**Exercise prompt:** Give back only the lines in the records below from the one with "农村中学英语学习Word格式文档下载.docx_第1页" to the one with "纯素食:莱菔挂面素营养健康多种食材儿童无添加剂面供养", both inclusive, word for word.

**Data shown:**
##########

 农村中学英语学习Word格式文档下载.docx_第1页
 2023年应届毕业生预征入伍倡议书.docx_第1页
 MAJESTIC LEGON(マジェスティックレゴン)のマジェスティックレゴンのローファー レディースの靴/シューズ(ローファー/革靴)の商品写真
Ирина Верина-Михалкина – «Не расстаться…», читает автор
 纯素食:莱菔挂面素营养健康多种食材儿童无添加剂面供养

##########

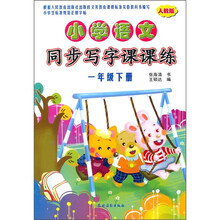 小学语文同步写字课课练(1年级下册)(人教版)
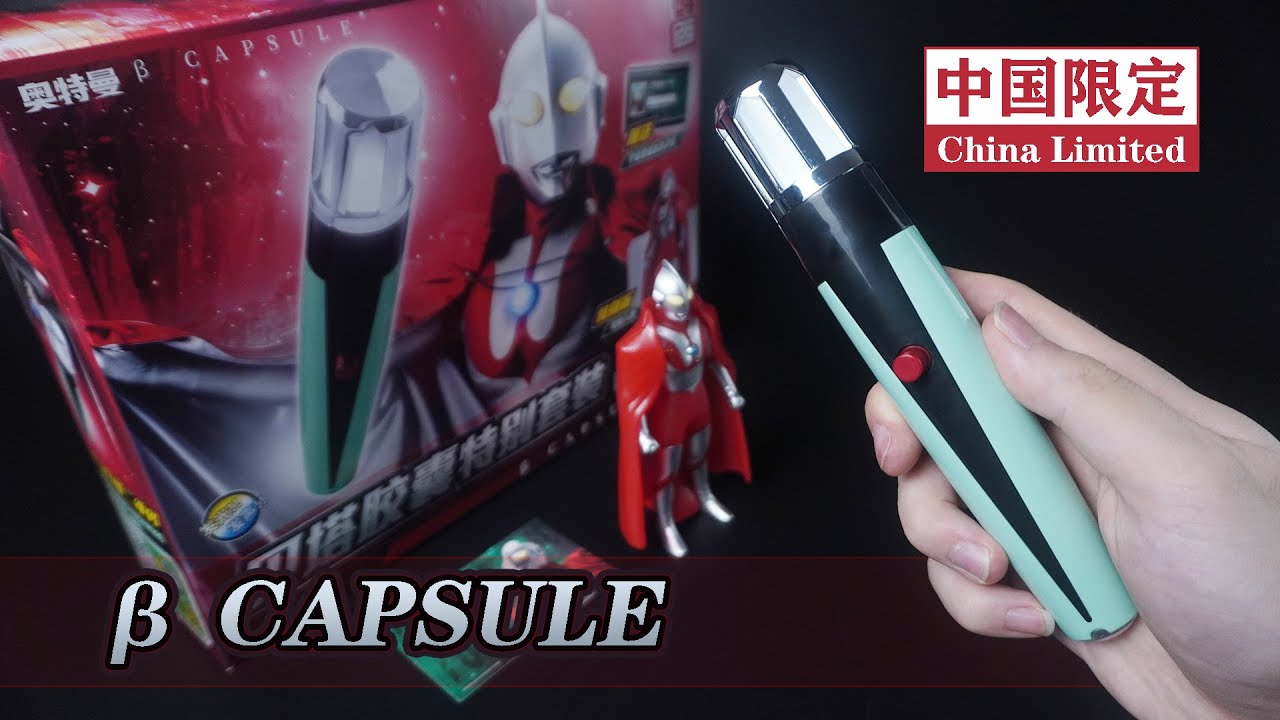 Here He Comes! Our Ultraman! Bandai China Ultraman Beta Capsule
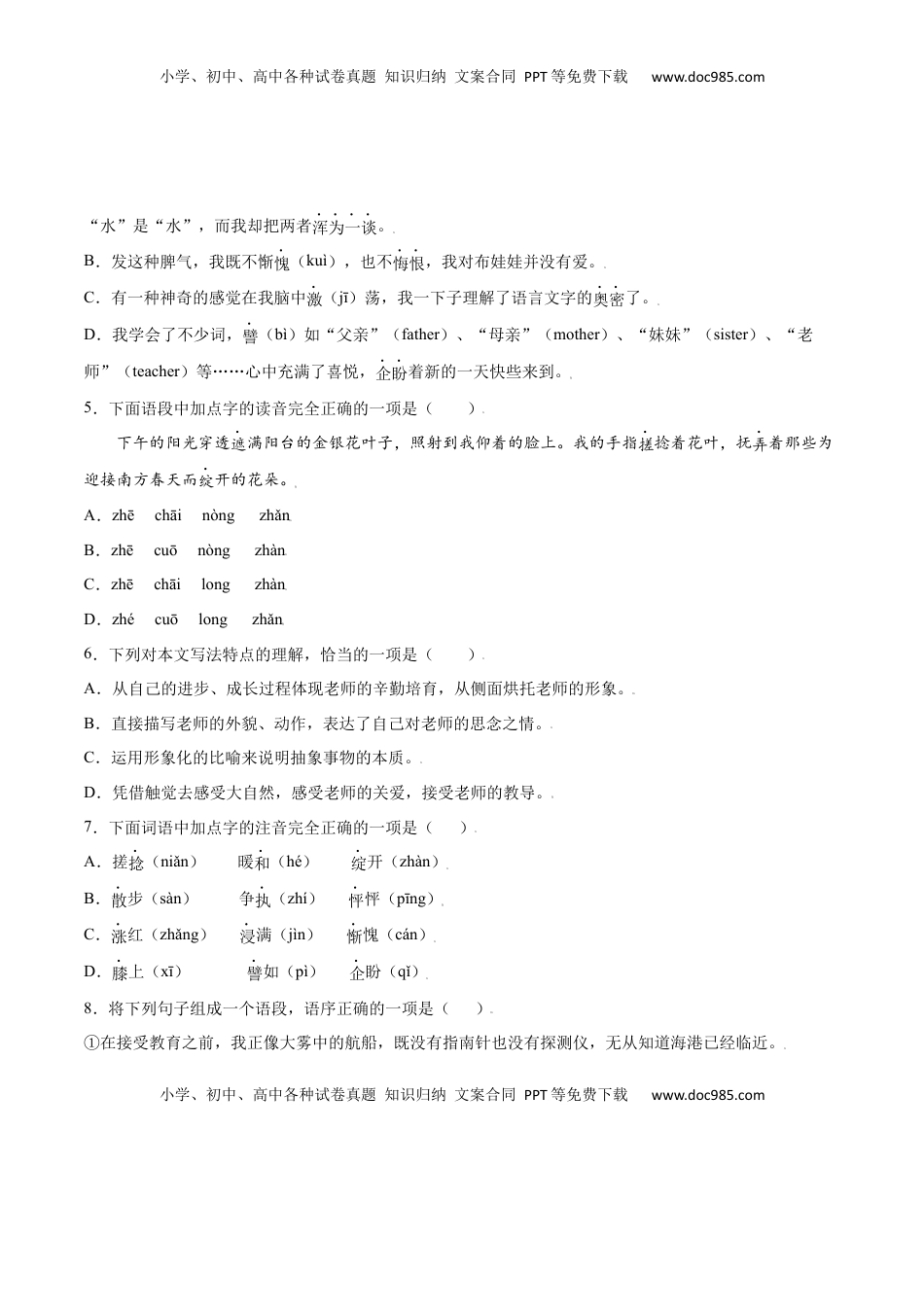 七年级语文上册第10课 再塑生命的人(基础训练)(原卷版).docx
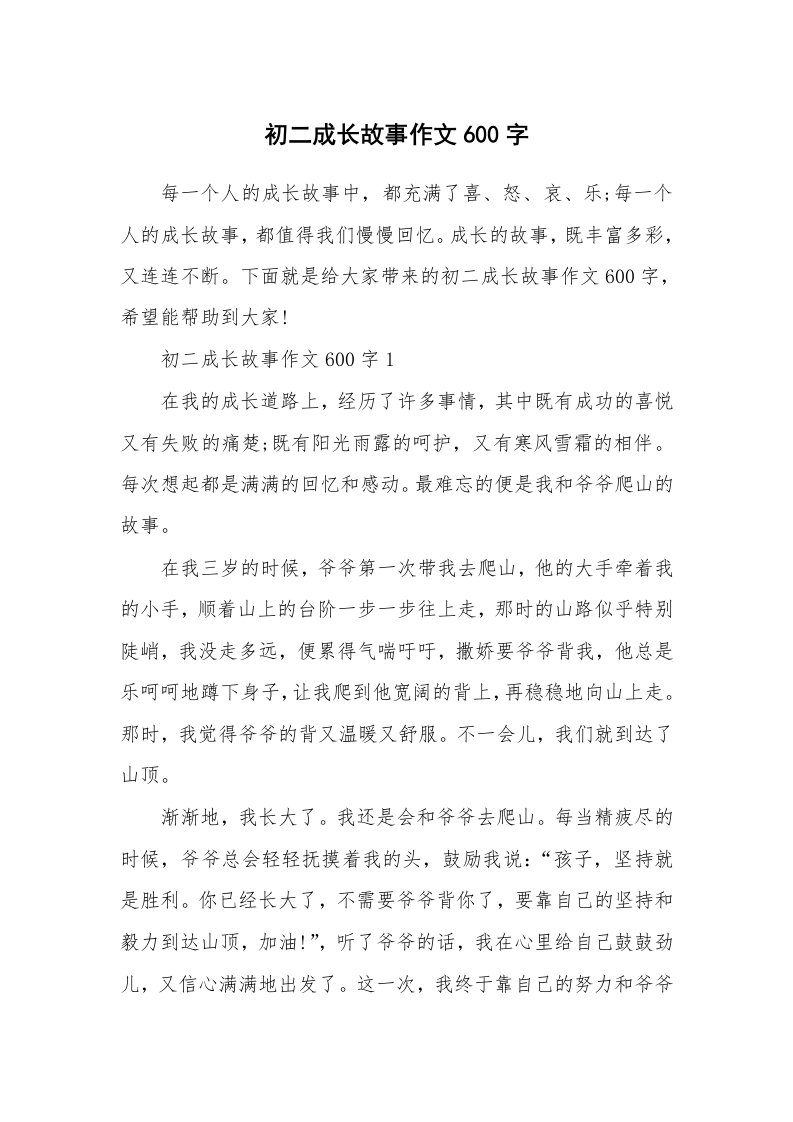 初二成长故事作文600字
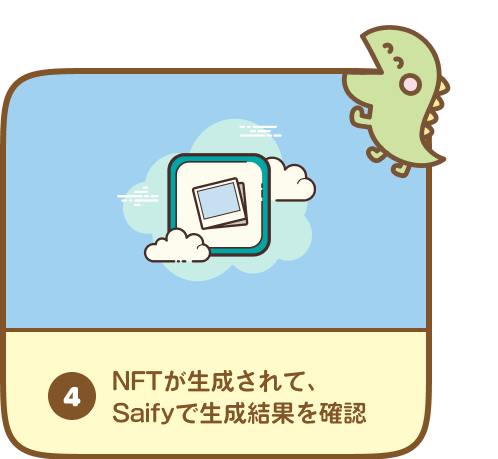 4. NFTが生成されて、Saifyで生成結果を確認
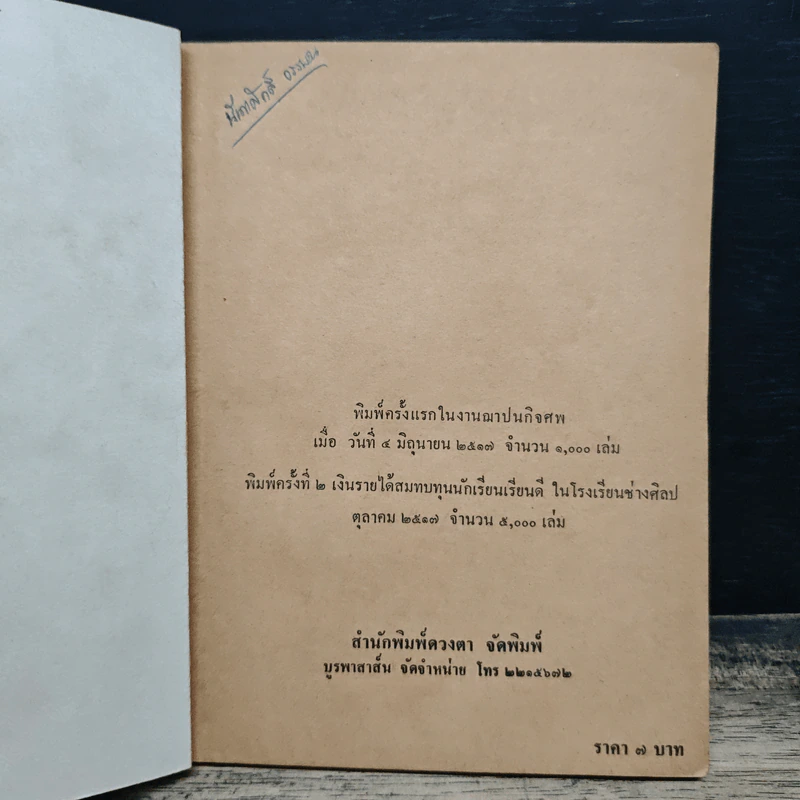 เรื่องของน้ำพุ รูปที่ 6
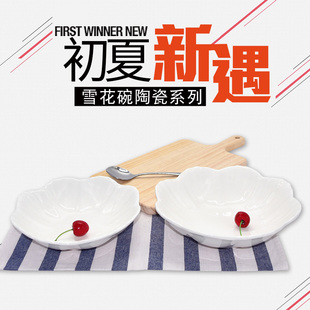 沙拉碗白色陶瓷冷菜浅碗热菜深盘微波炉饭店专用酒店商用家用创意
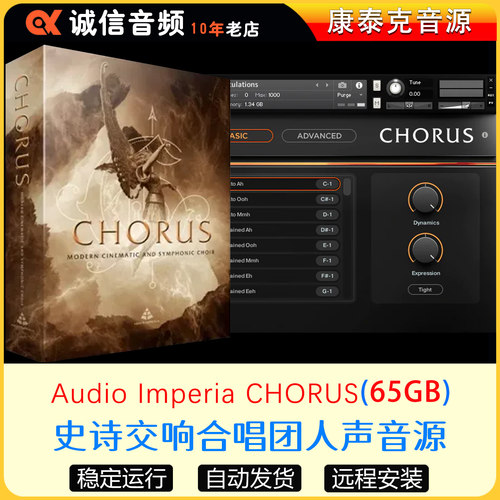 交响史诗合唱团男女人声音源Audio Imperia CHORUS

##########

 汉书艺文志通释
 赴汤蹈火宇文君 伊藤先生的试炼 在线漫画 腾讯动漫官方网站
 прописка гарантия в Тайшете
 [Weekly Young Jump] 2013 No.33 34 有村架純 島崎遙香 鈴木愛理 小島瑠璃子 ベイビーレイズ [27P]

##########

**Exercise response:**
 农村中学英语学习Word格式文档下载.docx_第1页
 2023年应届毕业生预征入伍倡议书.docx_第1页
 MAJESTIC LEGON(マジェスティックレゴン)のマジェスティックレゴンのローファー レディースの靴/シューズ(ローファー/革靴)の商品写真
Ирина Верина-Михалкина – «Не расстаться…», читает автор
 纯素食:莱菔挂面素营养健康多种食材儿童无添加剂面供养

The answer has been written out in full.